Brian Keith Mitchell, adjunct professor of History at the University of Arkansas at Little Rock, is currently developing a database which consolidates data from several primary sources (free black registers, baptism records, the federal census, probate and succession records, and city directories) to create a digital model of New Orleans’s free black community between 1840 -1863. Among his academic interests are issues involving free black and slave migration, manumission, and quantitative analysis of free black and slave communities.

Steven Mintz, Director of Columbia University’s Graduate School of Arts and Sciences Teaching Center.   An authority on the history of the family and of children, he is the author and editor of 13 books.  A pioneer in the application of new technologies to history, he is the creator of the Digital History website (http://www.digitalhistory.uh.edu) and past president of H-Net: Humanities and Social Sciences Online.

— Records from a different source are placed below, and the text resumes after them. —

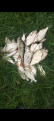 Нажмите на изображение для увеличения.

Название:	Screenshot_20260903-013631.png
Просмотров:	21
Размер:	253.9 Кб
ID:	4571255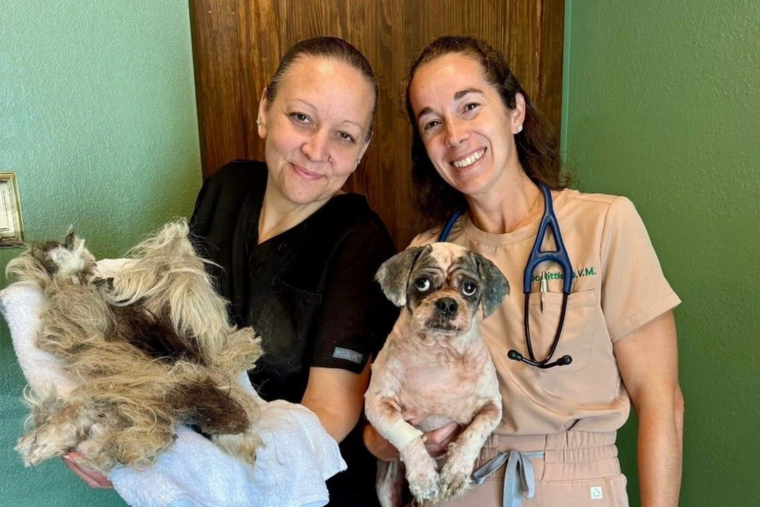 Two smiling veterinarians holding two small dogs against a green wall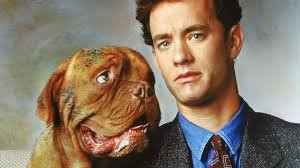 Собачья работа: звёздные роли четвероногих в кино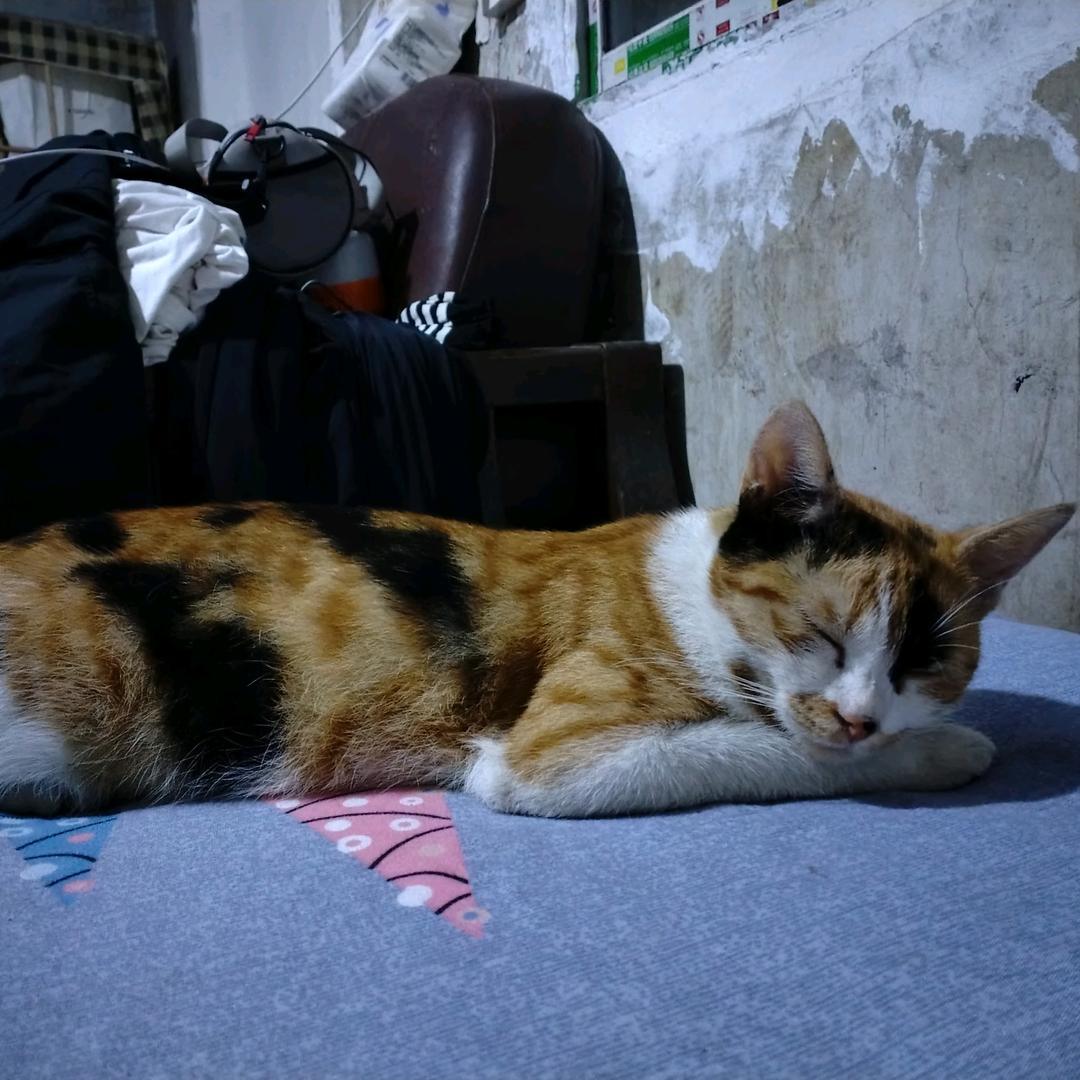 天“猫”优品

Assan Sarr, is an Assistant Professor of History and African Studies at Ohio University. Sarr taught African history for three years at the College of Charleston. He is affiliated with the Carolina Lowcountry and Atlantic World Program (College of Charleston) and he is a fellow at The Charles J. Ping Center for the Teaching of the Humanities at Ohio University. Sarr is interested in slavery, Islam and history of agrarian change in Africa. He is presently completing his first book manuscript tentatively entitled “Chiefs, Clerics and Farmers”: Transformations in the forms of Dependency on Land and People in the Gambia Region, c. 1790s to 1920s. Sarr is also working on a scholarly biography of a man named Samuel John Forster (c.1873-1940), a Gambian creole and descendant of a ‘Liberated African.’

Ibrahima Seck, Assistant Professor of History, Cheikh Anta Diop University in Dakar, Senegal,has researched and published about slavery in Louisiana and helped identify the meanings of African names in the Louisiana Slave Database. Seck speaks Pulaar, Wolof, French, English, and Arabic and is an outstanding lecturer in several languages and first-rate international networker.